According to Jacksonville Sheriff T.K. Waters, this shooting was a racially motivated attack. Palmeter was allegedly planning this shooting for some time, especially as he purchased guns as early as April this year and more in June. According to AP News, Palmeter texted his father during the shooting and asked him to go into his room, where he was able to find a "suicide note, a will and writings" that have since been described as racist material.
Prior to the shooting, Palmeter made it a point to park his car at the HBCU Edward Waters University. When noticed by a campus security guard who parked near him, Palmeter took off as other officers were being notified about his menacing appearance and later once gunshots began to ring out.
After shooting his third victim, Ryan Palmeter shot himself. Attorney General Merrick Garland issued a statement in which he expressed, "No person in this country should have to live in fear of hate-fueled violence and no family should have to grieve the loss of a loved one to bigotry and hate." This event taking place on the eve of the 60th anniversary of the March on Washington is not lost on the Black community and beyond, as many have taken to social media and other outlets to share sentiments of deep sadness and despair.
During a service held Sunday morning at St.
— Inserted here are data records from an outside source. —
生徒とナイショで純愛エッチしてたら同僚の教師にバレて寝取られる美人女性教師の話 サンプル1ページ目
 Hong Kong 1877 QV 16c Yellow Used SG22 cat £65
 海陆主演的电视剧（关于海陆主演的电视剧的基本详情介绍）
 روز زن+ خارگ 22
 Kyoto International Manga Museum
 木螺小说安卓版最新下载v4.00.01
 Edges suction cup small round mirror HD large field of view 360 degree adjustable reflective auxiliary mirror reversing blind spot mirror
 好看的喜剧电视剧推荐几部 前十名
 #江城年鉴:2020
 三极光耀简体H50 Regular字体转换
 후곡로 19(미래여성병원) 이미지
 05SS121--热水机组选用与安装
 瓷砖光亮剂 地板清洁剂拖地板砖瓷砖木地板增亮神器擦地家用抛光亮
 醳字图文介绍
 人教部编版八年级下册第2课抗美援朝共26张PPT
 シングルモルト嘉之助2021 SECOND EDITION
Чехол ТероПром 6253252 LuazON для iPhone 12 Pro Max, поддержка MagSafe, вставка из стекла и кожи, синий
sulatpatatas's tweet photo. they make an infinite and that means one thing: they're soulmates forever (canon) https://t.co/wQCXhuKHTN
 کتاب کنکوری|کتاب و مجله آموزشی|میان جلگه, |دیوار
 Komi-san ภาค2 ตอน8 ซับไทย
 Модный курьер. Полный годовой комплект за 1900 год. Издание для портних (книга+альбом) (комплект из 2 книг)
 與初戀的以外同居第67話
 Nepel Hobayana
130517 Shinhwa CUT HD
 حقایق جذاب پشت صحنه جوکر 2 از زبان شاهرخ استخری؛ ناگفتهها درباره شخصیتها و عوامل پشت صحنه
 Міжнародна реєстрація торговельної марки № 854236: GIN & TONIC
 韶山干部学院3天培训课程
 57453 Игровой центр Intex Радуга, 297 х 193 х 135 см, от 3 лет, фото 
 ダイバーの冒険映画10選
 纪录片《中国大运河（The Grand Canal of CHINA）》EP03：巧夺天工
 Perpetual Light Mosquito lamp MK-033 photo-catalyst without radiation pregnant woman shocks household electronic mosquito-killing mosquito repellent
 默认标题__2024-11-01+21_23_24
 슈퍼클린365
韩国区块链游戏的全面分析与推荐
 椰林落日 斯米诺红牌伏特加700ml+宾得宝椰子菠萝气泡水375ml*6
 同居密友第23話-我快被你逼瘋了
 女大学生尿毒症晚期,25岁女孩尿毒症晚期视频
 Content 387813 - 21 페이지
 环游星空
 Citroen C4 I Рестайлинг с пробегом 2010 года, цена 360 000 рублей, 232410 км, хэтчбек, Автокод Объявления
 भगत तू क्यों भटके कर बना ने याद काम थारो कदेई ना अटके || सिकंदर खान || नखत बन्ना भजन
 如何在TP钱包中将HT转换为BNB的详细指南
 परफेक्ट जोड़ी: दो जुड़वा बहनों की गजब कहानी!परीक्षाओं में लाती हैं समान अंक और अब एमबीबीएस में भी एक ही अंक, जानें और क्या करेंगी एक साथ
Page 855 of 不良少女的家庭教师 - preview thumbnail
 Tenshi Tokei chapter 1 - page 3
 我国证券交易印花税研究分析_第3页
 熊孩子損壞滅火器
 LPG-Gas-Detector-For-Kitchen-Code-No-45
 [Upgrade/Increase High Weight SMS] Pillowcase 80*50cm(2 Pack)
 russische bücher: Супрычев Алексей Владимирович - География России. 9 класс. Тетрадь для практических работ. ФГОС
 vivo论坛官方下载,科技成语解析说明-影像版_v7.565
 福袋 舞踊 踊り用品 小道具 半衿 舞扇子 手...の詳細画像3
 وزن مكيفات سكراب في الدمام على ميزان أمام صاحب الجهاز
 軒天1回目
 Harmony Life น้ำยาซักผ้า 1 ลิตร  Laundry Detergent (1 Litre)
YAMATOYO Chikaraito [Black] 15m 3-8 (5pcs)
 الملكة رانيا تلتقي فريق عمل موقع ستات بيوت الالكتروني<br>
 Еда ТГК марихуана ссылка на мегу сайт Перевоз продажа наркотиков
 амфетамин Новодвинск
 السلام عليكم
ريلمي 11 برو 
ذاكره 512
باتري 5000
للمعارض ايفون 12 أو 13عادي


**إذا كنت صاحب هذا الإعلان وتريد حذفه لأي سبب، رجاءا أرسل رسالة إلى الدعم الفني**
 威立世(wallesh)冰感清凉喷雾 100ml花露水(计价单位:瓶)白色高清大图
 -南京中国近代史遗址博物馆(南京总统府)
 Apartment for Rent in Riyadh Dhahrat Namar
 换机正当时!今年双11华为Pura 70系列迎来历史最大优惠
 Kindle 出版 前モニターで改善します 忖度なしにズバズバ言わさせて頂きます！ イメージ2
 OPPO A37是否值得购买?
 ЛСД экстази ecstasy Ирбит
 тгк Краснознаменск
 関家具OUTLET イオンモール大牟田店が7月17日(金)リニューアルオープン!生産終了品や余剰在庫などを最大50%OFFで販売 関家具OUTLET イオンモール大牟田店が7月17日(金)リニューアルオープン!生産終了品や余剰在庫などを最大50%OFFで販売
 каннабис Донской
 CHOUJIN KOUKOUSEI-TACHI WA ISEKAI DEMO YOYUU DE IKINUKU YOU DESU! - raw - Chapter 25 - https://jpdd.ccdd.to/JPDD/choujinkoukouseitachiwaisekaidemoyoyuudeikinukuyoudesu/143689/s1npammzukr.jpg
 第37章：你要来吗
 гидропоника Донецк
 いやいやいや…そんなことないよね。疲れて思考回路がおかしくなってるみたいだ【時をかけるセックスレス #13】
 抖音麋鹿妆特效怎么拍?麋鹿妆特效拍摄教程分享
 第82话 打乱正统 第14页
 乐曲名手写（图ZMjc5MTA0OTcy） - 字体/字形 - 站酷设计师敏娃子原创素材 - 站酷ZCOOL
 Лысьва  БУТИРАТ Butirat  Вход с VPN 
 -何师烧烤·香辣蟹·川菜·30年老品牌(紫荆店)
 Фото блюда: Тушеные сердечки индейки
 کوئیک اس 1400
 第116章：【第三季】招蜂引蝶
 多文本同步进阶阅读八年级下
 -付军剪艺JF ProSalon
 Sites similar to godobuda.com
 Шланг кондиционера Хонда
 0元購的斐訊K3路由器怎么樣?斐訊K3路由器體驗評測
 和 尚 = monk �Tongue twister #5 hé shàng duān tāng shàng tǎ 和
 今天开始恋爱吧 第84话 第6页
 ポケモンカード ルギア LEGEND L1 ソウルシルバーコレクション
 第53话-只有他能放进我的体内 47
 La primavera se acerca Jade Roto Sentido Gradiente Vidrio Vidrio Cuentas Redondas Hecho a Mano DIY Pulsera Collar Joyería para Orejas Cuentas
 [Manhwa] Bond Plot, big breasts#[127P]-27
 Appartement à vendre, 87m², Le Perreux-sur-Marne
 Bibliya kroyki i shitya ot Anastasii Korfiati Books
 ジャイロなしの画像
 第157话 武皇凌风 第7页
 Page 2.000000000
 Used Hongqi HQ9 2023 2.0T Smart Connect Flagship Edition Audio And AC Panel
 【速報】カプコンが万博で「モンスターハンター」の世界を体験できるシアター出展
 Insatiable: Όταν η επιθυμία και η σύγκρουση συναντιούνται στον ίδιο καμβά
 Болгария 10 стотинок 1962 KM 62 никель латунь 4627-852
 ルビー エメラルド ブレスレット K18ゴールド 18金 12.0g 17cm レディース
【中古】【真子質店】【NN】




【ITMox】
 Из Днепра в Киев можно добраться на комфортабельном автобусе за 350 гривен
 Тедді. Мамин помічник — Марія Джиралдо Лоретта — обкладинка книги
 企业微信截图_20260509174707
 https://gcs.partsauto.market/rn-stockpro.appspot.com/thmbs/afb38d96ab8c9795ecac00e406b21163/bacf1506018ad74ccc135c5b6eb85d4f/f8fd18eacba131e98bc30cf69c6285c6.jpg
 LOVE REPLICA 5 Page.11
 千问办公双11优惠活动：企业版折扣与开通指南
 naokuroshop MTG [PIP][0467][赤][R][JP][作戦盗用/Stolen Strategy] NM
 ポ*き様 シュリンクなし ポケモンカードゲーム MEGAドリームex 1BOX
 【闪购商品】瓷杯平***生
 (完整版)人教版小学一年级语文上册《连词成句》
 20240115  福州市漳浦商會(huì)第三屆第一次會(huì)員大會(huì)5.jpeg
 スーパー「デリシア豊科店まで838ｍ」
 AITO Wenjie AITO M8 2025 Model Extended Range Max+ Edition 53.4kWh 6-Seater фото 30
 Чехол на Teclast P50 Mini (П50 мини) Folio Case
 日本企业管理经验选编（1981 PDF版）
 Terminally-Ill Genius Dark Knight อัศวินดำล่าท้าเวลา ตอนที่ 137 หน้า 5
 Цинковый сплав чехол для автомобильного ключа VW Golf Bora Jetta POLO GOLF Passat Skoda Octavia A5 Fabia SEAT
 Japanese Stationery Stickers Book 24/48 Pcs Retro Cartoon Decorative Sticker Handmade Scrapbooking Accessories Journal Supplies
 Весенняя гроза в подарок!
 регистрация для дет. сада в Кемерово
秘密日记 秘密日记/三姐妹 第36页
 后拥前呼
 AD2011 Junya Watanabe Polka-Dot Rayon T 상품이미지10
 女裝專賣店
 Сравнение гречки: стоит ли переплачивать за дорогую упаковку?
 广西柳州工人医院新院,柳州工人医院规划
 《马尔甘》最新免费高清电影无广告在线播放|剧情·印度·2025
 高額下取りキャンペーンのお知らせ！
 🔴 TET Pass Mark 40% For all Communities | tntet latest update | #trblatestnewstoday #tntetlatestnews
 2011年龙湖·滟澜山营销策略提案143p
Paul AME Church, the mayor of Jacksonville Donna Deegan tearfully said, "I’ve heard some people say that some of the rhetoric that we hear doesn’t really represent what’s in people’s hearts, it’s just the game. It’s just the political game. Those three people who lost their lives, that’s not a game." State Rep. Angie Nixon echoed these same sentiments as she spoke during the service. "We must be clear, it was not just racially motivated, it was racist violence that has been perpetuated by rhetoric and policies designed to attack Black people, period," said Nixon.
President Joe Biden also released an official statement regarding the shooting:
On Saturday, our nation marked the 60th Anniversary of the March on Washington — a seminal moment in our history and in our work towards equal opportunity for all Americans. But this day of remembrance and commemoration ended with yet another American community wounded by an act of gun violence, reportedly fueled by hate-filled animus and carried out with two firearms.
Yesterday in Jacksonville, Florida, a white gunman went on a shooting rampage at a store near a Historically Black University and killed three Black individuals. While we still need to learn more about the motivation for Saturday’s shooting, law enforcement has opened a federal civil rights investigation and is treating this incident as a possible hate crime and act of domestic violent extremism.
Even as we continue searching for answers, we must say clearly and forcefully that white supremacy has no place in America. We must refuse to live in a country where Black families going to the store or Black students going to school live in fear of being gunned down because of the color of their skin. Hate must have no safe harbor. Silence is complicity, and we must not remain silent.
Jill and I are praying for the victims and their families, and we grieve with the people of Jacksonville.President Joe Biden
Amid worsening and unsafe conditions in the state of Florida, many are hoping that this incident will encourage honest and truthful conversations about the divisiveness being brewed by the state's politicians.